The rivalry between the United States and China over artificial intelligence and semiconductor chips is sharpening, even as the two countries prepare for a summit between Donald Trump and Xi Jinping. Whatever goodwill the meeting may generate, it is unlikely to slow the race for dominance in technologies both governments consider essential to future economic and military power.
AI and chips sit at the center of this contest. Semiconductors are the physical foundation of AI systems, powering everything from large language models to weapons guidance. Control over chip design, manufacturing, and supply chains is effectively control over who can build the most capable AI, and at what speed.
Why the tech race is hard to pause
The US has spent several years tightening export controls on advanced chips and chip-making equipment, aiming to slow China's ability to develop cutting-edge AI systems.
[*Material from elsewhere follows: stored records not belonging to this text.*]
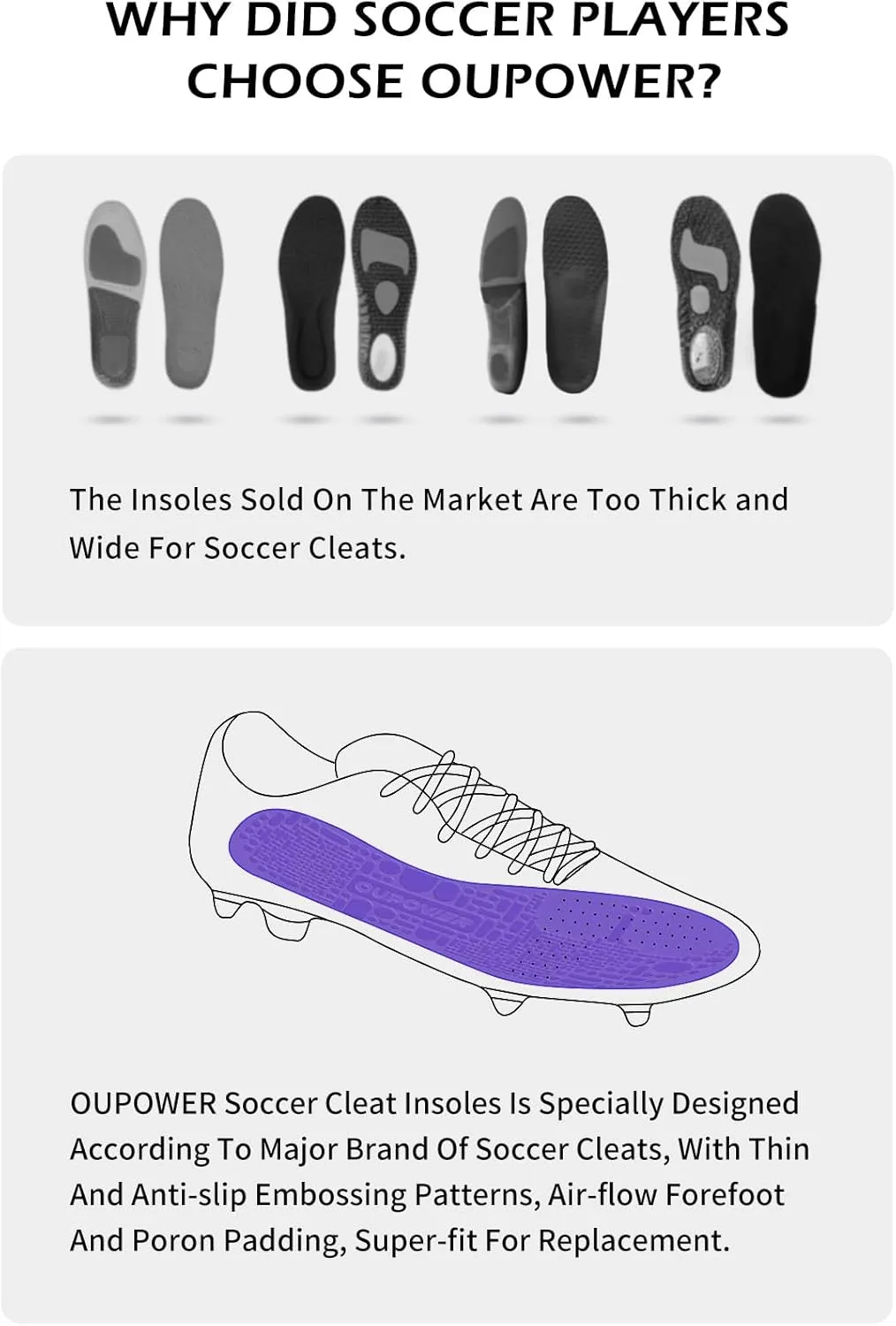 Insoles for Soccer Cleats Shock Absorption Arch Supports Anti-Slip Breathable for Men Women Boy Girl Kids-Purple (US7.5-8)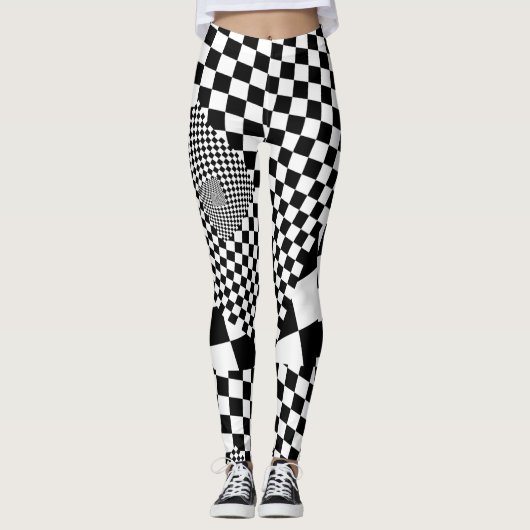 Zwart-wit optische illusie vervormd geruit leggings (Voorkant)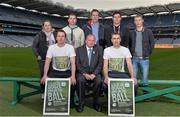 26 November 2013; Pictured are Mayo footballer Cillian O'Connor, front row, left, Uachtarán Chumann Lúthchleas Gael Liam Ó Néill, centre, and Dublin hurler Peter Kelly, right, with representatives from Munster and Ulster Colleges in attendance at the 2014 &quot;Off the Booze, on the Ball&quot; launch. Croke Park, Dublin. Picture credit: Ramsey Cardy / SPORTSFILE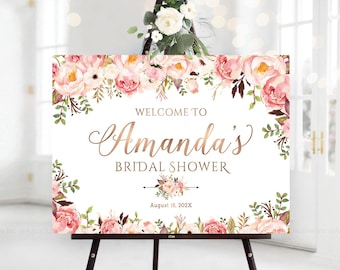 Personalized Bridal Shower sign, Bridal Shower Decorations, Bridal Shower Welcome Sign, Bridal shower Invitation, Blush Pink decorations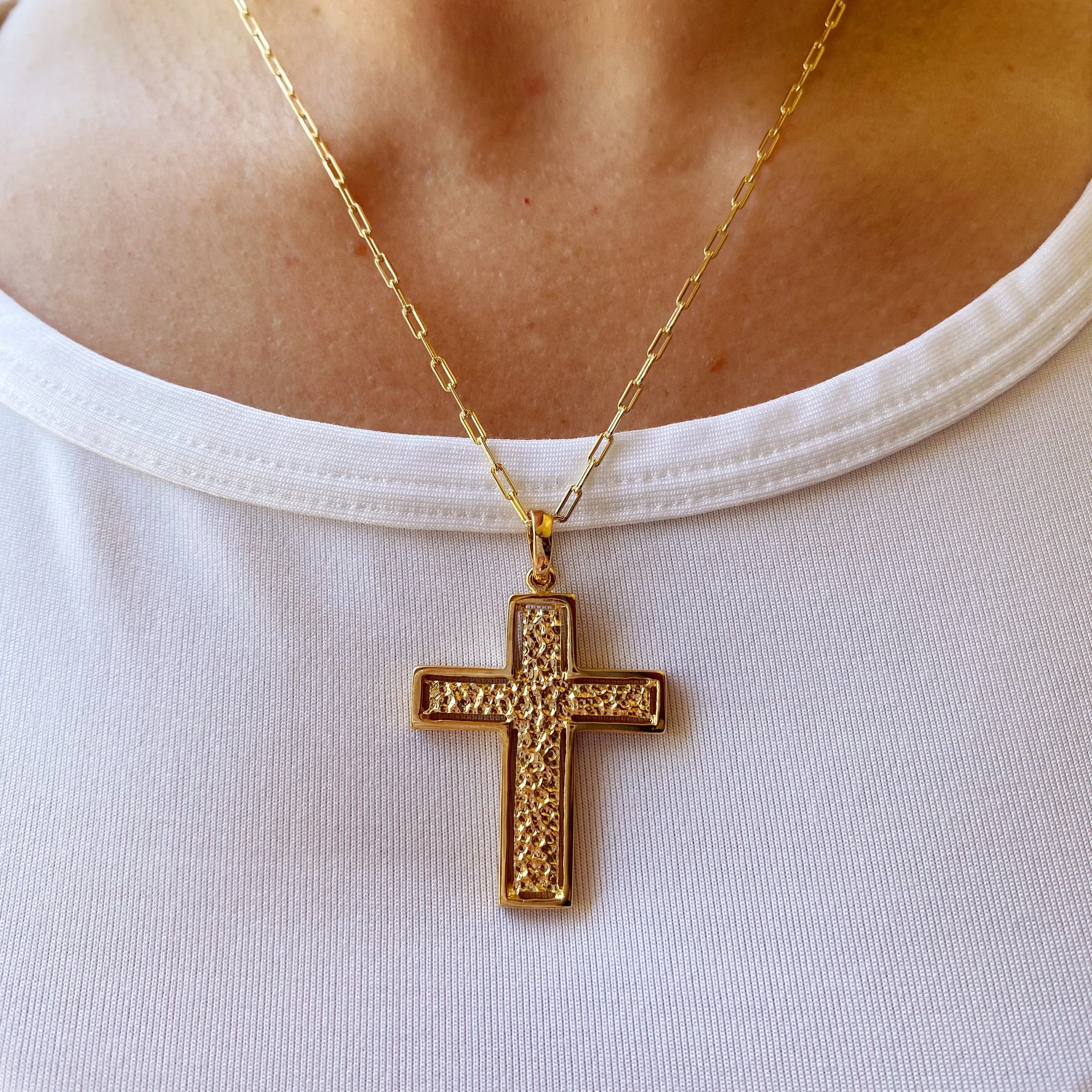 18k Gold Filled Rustic Cross Pendant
China, in turn, has poured state resources into building domestic alternatives, from chip fabrication to AI model development. Each side's moves tend to prompt counter-moves, creating a self-reinforcing cycle that diplomacy alone has struggled to interrupt.
A leader-level summit can shift tone and open channels for negotiation, but the underlying competition runs deeper than any single meeting can resolve. Both governments have framed AI and semiconductor leadership as national priorities, meaning the incentives pushing each side forward are structural, not just political. Domestic industry lobbying, military procurement, and long-term economic planning all pull in the same direction, regardless of what happens at the summit table.
For markets and businesses caught between the two powers, the uncertainty is the problem. Companies that sell chips or chip-making tools face ongoing compliance questions around export rules. Firms that source components globally must plan for a landscape where access to certain technologies could be restricted with limited notice. The summit may produce statements of intent, but the regulatory architecture on both sides is unlikely to be dismantled quickly.
What to watch after the summit
The most meaningful signals will come not from the summit itself but from what follows. Watch for any adjustment to US export control lists, any change to how China allocates state funding for its chip sector, and whether any joint working groups or technical dialogues are announced. Those concrete steps would indicate whether the summit produced durable movement or simply managed atmospherics.
For investors tracking the semiconductor sector, the relevant question is whether restrictions tighten further, hold steady, or ease at the margin. Any easing would benefit companies with significant China exposure. Further tightening would accelerate the pressure on Chinese firms to find domestic alternatives and on US firms to redirect sales elsewhere.
The broader pattern is that the two largest economies are deliberately decoupling in specific high-technology areas while remaining commercially linked in others. That selective decoupling is hard to manage and creates persistent risk for global supply chains. A summit can reduce the temperature of the conversation, but the competition itself shows no sign of resolving anytime soon.